■ Exercise aim:
Look below for the lines from the one with "geleiderailadapter makita-3" to the one with "Bed and Breakfast", and copy exactly those lines, both ends included.
━━━ Data to use ━━━
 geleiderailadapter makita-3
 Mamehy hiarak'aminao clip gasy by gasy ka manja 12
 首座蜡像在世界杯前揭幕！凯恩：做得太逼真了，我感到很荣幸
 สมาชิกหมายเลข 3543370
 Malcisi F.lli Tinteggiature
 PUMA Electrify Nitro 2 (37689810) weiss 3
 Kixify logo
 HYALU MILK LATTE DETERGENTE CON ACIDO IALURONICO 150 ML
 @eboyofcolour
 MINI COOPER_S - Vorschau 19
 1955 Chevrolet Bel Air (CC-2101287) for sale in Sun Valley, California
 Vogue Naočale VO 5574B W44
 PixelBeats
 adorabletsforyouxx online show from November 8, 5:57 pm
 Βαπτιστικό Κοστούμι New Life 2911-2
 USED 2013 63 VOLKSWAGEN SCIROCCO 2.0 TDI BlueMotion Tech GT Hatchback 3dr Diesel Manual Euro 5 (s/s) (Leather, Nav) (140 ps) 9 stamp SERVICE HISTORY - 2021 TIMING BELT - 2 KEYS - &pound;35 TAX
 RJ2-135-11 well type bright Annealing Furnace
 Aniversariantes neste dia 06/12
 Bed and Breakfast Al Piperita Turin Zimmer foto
━━━
━━━ Data to use ━━━
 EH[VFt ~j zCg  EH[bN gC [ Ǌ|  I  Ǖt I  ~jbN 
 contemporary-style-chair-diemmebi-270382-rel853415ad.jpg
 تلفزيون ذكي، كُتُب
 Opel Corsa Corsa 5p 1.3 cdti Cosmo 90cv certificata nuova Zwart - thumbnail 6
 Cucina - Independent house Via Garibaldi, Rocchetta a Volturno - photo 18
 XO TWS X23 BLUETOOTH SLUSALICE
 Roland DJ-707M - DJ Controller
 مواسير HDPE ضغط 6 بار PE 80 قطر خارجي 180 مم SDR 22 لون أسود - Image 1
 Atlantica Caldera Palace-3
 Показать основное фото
━━━
■ Response to this exercise:
 geleiderailadapter makita-3
 Mamehy hiarak'aminao clip gasy by gasy ka manja 12
 首座蜡像在世界杯前揭幕！凯恩：做得太逼真了，我感到很荣幸
 สมาชิกหมายเลข 3543370
 Malcisi F.lli Tinteggiature
 PUMA Electrify Nitro 2 (37689810) weiss 3
 Kixify logo
 HYALU MILK LATTE DETERGENTE CON ACIDO IALURONICO 150 ML
 @eboyofcolour
 MINI COOPER_S - Vorschau 19
 1955 Chevrolet Bel Air (CC-2101287) for sale in Sun Valley, California
 Vogue Naočale VO 5574B W44
 PixelBeats
 adorabletsforyouxx online show from November 8, 5:57 pm
 Βαπτιστικό Κοστούμι New Life 2911-2
 USED 2013 63 VOLKSWAGEN SCIROCCO 2.0 TDI BlueMotion Tech GT Hatchback 3dr Diesel Manual Euro 5 (s/s) (Leather, Nav) (140 ps) 9 stamp SERVICE HISTORY - 2021 TIMING BELT - 2 KEYS - &pound;35 TAX
 RJ2-135-11 well type bright Annealing Furnace
 Aniversariantes neste dia 06/12
 Bed and Breakfast Al Piperita Turin Zimmer foto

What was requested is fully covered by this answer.